The state offers several types of grants for safety net clinics.

The Community Clinic Grant Program is uniquely useful because clinics can spend the money as they see fit, said Will Wilson of the Office of Rural Health and Primary Care at the Minnesota Department of Health.

"They can use it for operations, or for staff or to purchase equipment," said Wilson.

He said the funds often provide crucial support.

"For example a clinic in Park Rapids, they were asking to replace some aging and broken dental equipment. There's a rural health clinic up in Baudette renovating their exam rooms for [Americans with Disabilities Act] compliance," he said. "In Red Wing, there's a clinic that serves a large Latino population so they asked for funding to hire a bilingual wellness coordinator."

The original legislation for the program provided $3 million.
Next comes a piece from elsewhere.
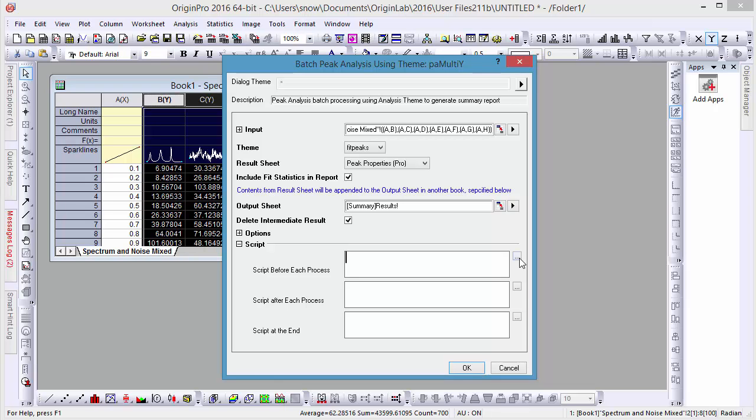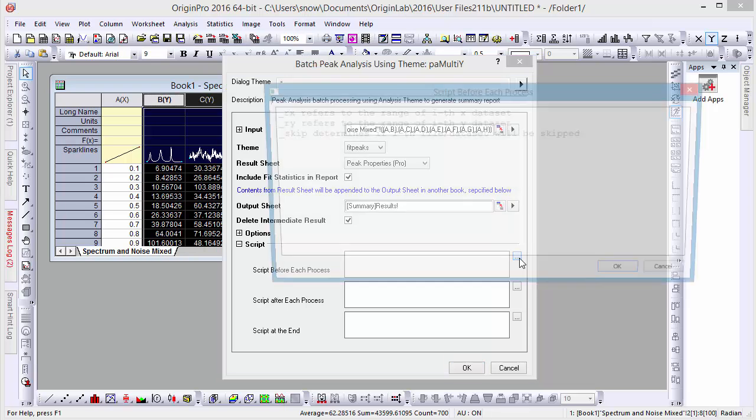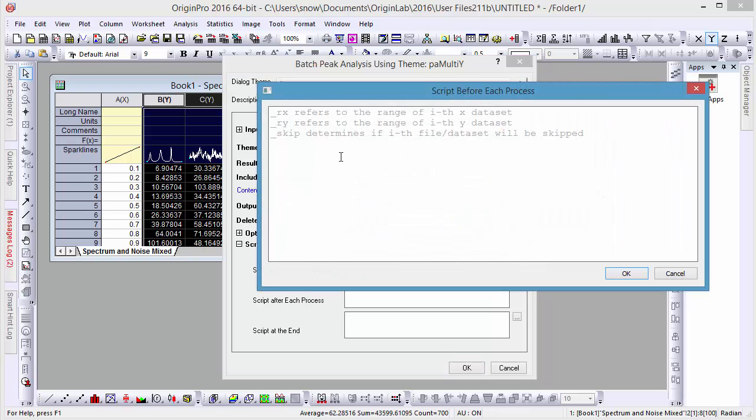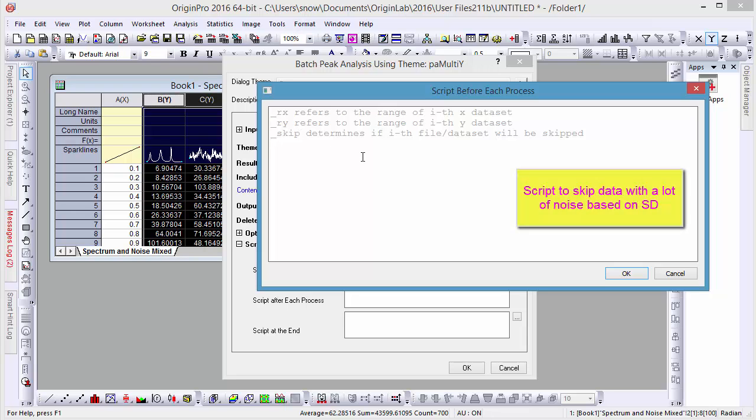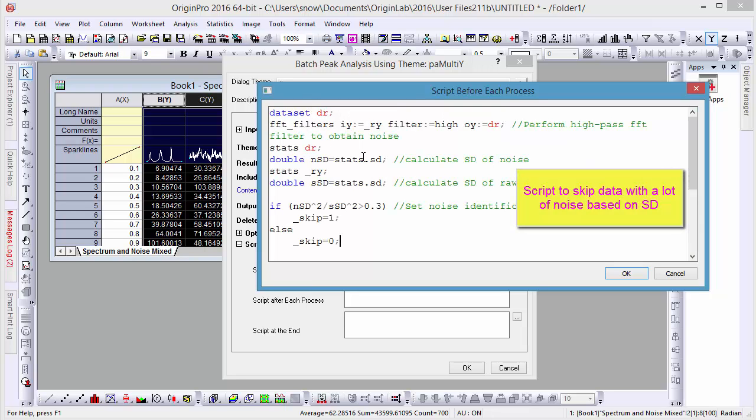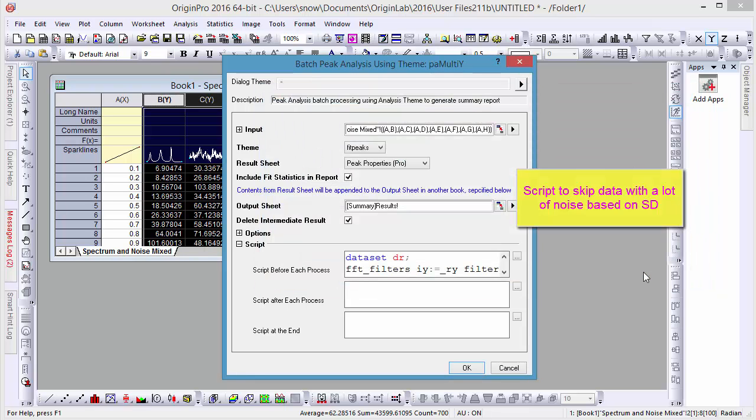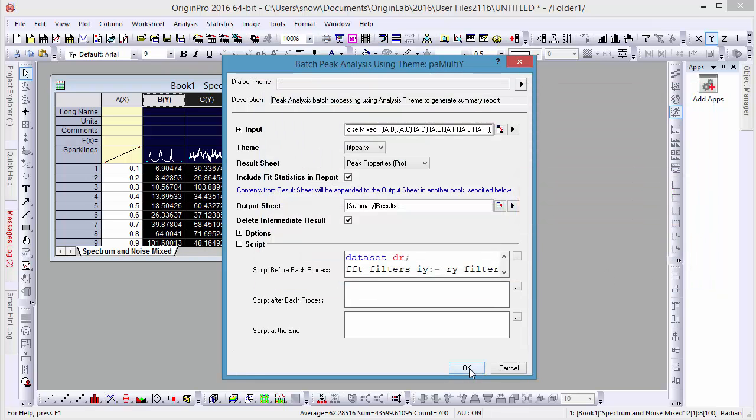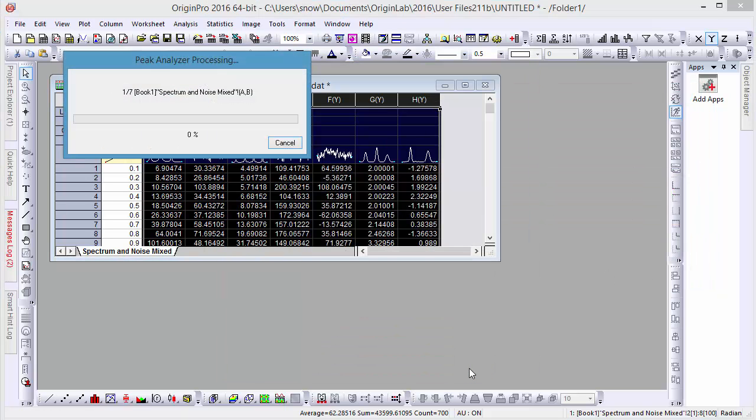To add our script, let's go to the Script Before Each Process box, and click on the Ellipses button to open it as a separate window. Here we can paste our script, which, in this case, is designed to skip data with a certain amount of noise based on its standard deviation.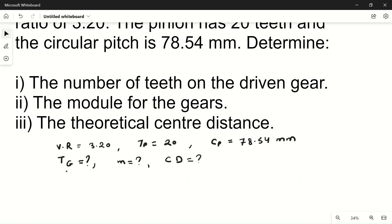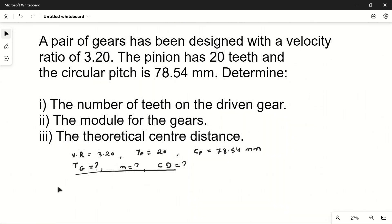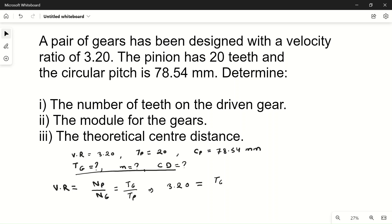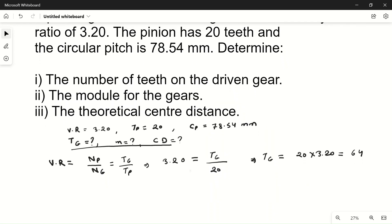Let's see what velocity ratio is. Velocity ratio equals speed of the pinion divided by speed of the gear, which is also equal to number of teeth on gear divided by number of teeth on pinion. Velocity ratio is given as 3.20, which equals Tg divided by 20. From here, Tg = 20 × 3.20 = 64. So we have 64 teeth on the gear.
But then lawmakers cut the funding every year until 2009. For the next decade, the amount stayed at $561,000. That's less than one-fifth of the original allocation.

Wilson said the program is only able to help about 10 community clinics each year — out of more than 50 that typically apply.

Gov. Tim Walz isn't seeking more funding for the program. He said he wants to increase access to health insurance as a way to ensure community clinics have sustainable funding.

But Walz also wants to protect a key source of revenue for the grant program.

The state's 2 percent health care provider tax — which generates hundreds of millions of dollars per year — is set to stop at the end of 2019. The tax funds about half of the Community Clinic Grant Program, Wilson said.

"That 2 percent provider tax will disappear and all the funding and programs it supports will either go away or need to find an alternative funding source," he said.

Lawmakers sunsetted the tax in 2011. It dates back to 1992 and funds MinnesotaCare, the subsidized insurance program for low- and moderate-income people.

Walz and other DFLers want to preserve the provider tax. Republicans, who control the state Senate, argue the tax should end as planned, and the DFL's proposed reversal would increase health care costs.

While that debate continues at the Capitol, a few miles away Tshiela said additional funding would help boost wages and prevent the loss of staff looking for what she calls a livable wage. She said that turnover undermines the clinic's mission.

"We don't help as much as we could," she said.

Corrections (March 6, 2019): An earlier version of this story misspelled Dorothee Tshiela's name.